On 06/16/2016 10:49 AM, B.K.Raghuram wrote:
> 
> 
> On Wed, Jun 15, 2016 at 5:01 PM, Atin Mukherjee <amukherj at redhat.com
> <mailto:amukherj at redhat.com>> wrote:
> 
> 
> 
>     On 06/15/2016 04:24 PM, B.K.Raghuram wrote:
>     > Hi,
>     >
>     > We're using gluster 3.6.1 and we periodically find that gluster commands
>     > fail saying the it could not get the lock on one of the brick machines.
>     > The logs on that machine then say something like :
>     >
>     > [2016-06-15 08:17:03.076119] E
>     > [glusterd-op-sm.c:3058:glusterd_op_ac_lock] 0-management: Unable to
>     > acquire lock for vol2
> 
>     This is a possible case if concurrent volume operations are run. Do you
>     have any script which checks for volume status on an interval from all
>     the nodes, if so then this is an expected behavior.
> 
> 
> Yes, I do have a couple of scripts that check on volume and quota
> status.. Given this, I do get a "Another transaction is in progress.."
> message which is ok. The problem is that sometimes I get the volume lock
> held message which never goes away. This sometimes results in glusterd
> consuming a lot of memory and CPU and the problem can only be fixed with
> a reboot. The log files are huge so I'm not sure if its ok to attach
> them to an email.

Ok, so this is known. We have fixed lots of stale lock issues in 3.7
branch and some of them if not all were also backported to 3.6 branch.
The issue is you are using 3.6.1 which is quite old. If you can upgrade
to latest versions of 3.7 or at worst of 3.6 I am confident that this
will go away.

~Atin
> 
>     >
>     > After sometime, glusterd then seems to give up and die..
> 
>     Do you mean glusterd shuts down or segfaults, if so I am more interested
>     in analyzing this part.
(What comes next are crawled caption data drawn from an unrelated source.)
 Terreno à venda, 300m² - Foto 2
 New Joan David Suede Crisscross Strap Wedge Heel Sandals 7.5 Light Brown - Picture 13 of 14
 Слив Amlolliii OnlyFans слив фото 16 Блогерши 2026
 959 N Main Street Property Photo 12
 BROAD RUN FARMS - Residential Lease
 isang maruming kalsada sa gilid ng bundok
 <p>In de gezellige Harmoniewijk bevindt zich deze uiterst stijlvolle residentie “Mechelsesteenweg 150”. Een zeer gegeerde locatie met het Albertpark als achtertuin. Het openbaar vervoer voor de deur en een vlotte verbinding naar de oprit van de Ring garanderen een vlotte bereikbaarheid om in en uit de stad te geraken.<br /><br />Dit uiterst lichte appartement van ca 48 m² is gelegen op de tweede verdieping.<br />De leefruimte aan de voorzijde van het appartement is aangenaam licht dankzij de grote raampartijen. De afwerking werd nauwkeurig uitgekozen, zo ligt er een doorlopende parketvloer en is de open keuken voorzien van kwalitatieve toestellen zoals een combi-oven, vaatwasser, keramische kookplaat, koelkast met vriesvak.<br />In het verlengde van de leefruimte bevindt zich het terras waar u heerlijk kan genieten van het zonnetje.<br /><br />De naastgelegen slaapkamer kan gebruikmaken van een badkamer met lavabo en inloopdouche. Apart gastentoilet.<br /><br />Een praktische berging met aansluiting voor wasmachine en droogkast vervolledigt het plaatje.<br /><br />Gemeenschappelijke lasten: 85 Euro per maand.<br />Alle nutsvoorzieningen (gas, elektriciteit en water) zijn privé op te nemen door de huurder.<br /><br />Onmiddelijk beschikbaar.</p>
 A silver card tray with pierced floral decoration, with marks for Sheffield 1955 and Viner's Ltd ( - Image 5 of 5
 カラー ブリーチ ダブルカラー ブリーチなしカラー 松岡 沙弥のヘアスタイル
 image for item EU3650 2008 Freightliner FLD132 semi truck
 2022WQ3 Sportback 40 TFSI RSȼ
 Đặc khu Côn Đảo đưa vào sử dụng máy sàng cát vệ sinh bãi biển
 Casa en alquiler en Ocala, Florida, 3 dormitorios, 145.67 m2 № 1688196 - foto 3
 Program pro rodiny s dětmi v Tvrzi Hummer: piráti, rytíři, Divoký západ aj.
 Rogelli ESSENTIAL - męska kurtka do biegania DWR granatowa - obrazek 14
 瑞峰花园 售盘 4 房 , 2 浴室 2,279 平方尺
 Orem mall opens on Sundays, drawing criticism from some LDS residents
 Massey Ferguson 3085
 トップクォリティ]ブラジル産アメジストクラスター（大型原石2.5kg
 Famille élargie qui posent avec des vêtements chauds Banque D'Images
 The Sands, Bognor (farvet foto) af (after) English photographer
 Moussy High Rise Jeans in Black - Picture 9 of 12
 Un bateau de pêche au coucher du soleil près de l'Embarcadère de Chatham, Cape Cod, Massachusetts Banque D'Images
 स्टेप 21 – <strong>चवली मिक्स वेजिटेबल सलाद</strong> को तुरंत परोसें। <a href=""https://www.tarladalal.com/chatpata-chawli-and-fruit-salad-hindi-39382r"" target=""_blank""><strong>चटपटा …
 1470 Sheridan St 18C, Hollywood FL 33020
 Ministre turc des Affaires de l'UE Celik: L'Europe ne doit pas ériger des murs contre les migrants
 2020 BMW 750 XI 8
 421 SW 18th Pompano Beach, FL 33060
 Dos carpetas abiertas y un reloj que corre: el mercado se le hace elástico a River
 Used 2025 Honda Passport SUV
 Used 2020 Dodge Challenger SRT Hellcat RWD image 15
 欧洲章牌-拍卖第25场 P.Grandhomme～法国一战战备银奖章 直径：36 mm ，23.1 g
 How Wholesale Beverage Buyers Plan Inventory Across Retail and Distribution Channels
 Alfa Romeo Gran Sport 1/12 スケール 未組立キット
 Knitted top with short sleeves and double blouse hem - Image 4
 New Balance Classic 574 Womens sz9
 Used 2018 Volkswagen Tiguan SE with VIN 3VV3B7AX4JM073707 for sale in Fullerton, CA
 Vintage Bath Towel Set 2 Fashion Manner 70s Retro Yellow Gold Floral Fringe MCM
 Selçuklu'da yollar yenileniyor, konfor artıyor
Could you provide us the glusterd log,
>     cmd_history log file along with core (in case of SEGV) from all the
>     nodes for the further analysis?
> 
> 
> There is no segfault. glusterd just shuts down. As I said above,
> sometimes this happens and sometimes it just continues to hog a lot of
> memory and CPU..
> 
> 
>     >
>     > Interestingly, I also find the following line in the beginning of
>     > etc-glusterfs-glusterd.vol.log and I dont know if this has any
>     > significance to the issue :
>     >
>     > [2016-06-14 06:48:57.282290] I
>     > [glusterd-store.c:2063:glusterd_restore_op_version] 0-management:
>     > Detected new install. Setting op-version to maximum : 30600
>     >
> 
> 
> What does this line signify?